Que reste-t-il du décret Crémieux ?

Par Philippe Zaouati

Le 24 octobre 1870, le ministre de la Justice accordait la citoyenneté française aux Juifs d’Algérie. Que dit cet événement de la citoyenneté, de la justice et de la place des Juifs dans la République ?
Nous sommes le lundi 24 octobre 1870. Le Second Empire s’est effondré à Sedan, Napoléon III est prisonnier à Wilhelmshöhe, Paris est assiégé et affamé. La guerre contre la Prusse semble perdue, les provinces de l’Est sont envahies. Dans l’urgence, le gouvernement provisoire s’est replié à Tours pour tenter de sauver ce qui pouvait l’être. La République, proclamée à la hâte le 4 septembre, naît dans le chaos.
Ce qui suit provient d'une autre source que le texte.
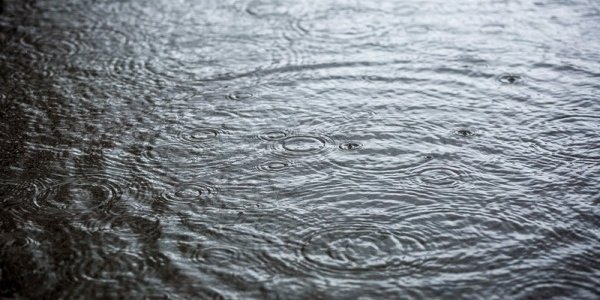 Экстренное предупреждение в связи с непогодой объявлено в Приморье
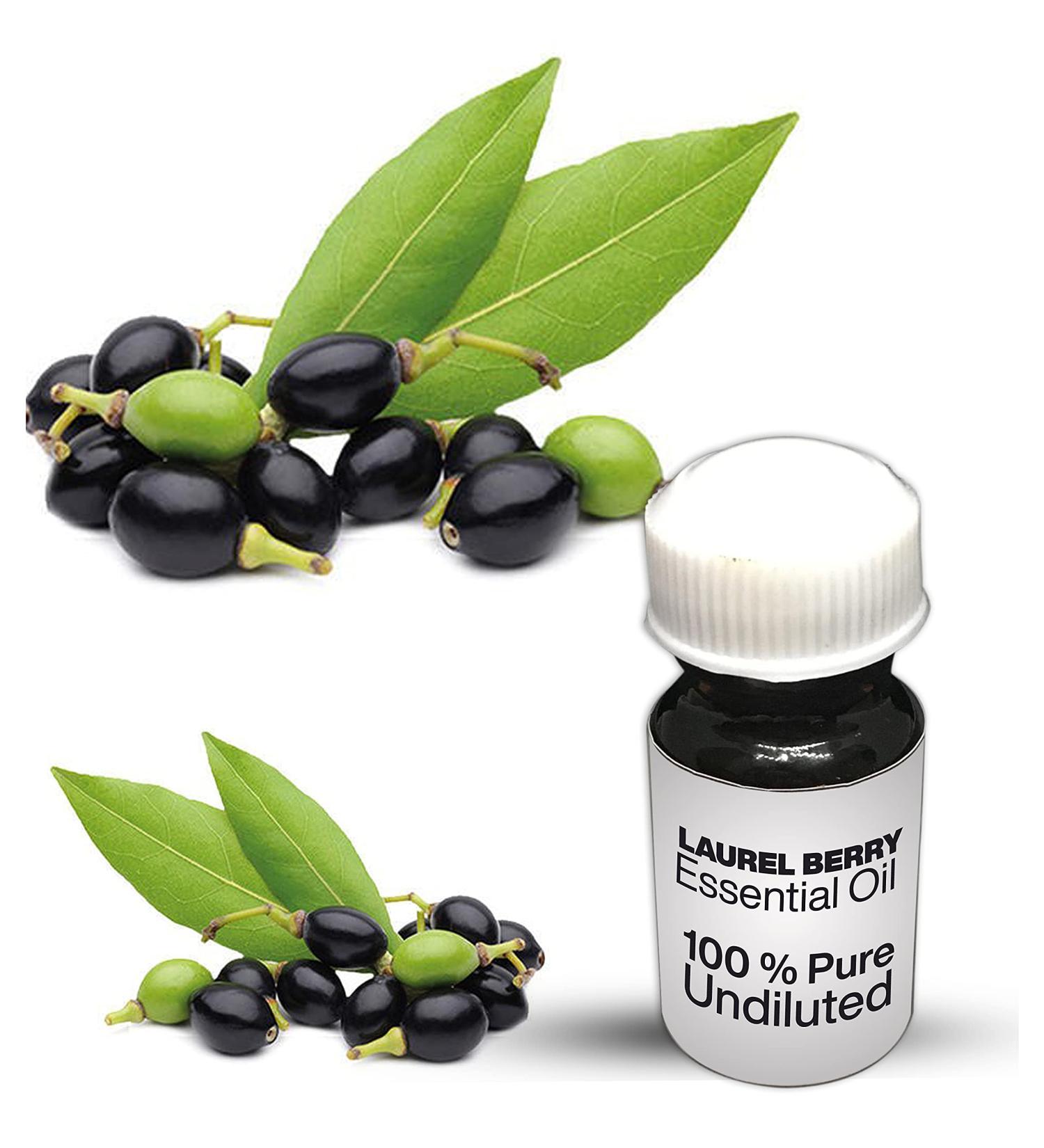 Laurel Berry Essential Oil / 100% pure laurel berry undiluted essential oil premium quality (25 ml)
Parmi les exilés se trouve Adolphe Crémieux, ministre de la Justice. Né à Nîmes en 1796, dans une famille issue des « Juifs du Pape », communauté installée depuis le Moyen Âge dans le Comtat Venaissin, c’est un avocat brillant. Défenseur des causes libérales sous la monarchie de Juillet, député républicain de Paris en 1848, il a connu les honneurs comme les revers, soutenant l’abolition de l’esclavage et s’opposant aux coups de force bonapartistes. Sa trajectoire illustre les tensions politiques du XIXe siècle : entre monarchie et république, entre ouverture libérale et tentation autoritaire, entre universalisme proclamé par la Révolution et réalités d’un empire colonial en expansion.

Sur son bureau repose ce jour-là un texte court, anodin en apparence. Quelques lignes à peine, mais dont la portée dépasse de loin leur sécheresse administrative. Le décret n°136 proclame que « les Israélites indigènes des départements d’Algérie sont déclarés citoyens français ». En un trait de plume, environ 35 000 hommes, femmes et enfants, jusque-là considérés comme des « indigènes », entrent dans la citoyenneté. Ce sont désormais des Français à part entière, avec les droits et les devoirs que cela suppose. Ce geste change le destin de toute une communauté et, à bien des égards, reconfigure l’équilibre colonial de l’Algérie.

Mais cet acte ne vient pas de nulle part. Il est l’aboutissement d’un processus engagé quarante ans plus tôt. Depuis la conquête d’Alger en 1830, les Juifs d’Algérie étaient en effet dans une situation paradoxale. Toujours considérés par l’administration comme des indigènes, soumis aux mêmes contraintes juridiques que les musulmans, leur mode de vie se rapprochait pourtant progressivement de celui des colons européens.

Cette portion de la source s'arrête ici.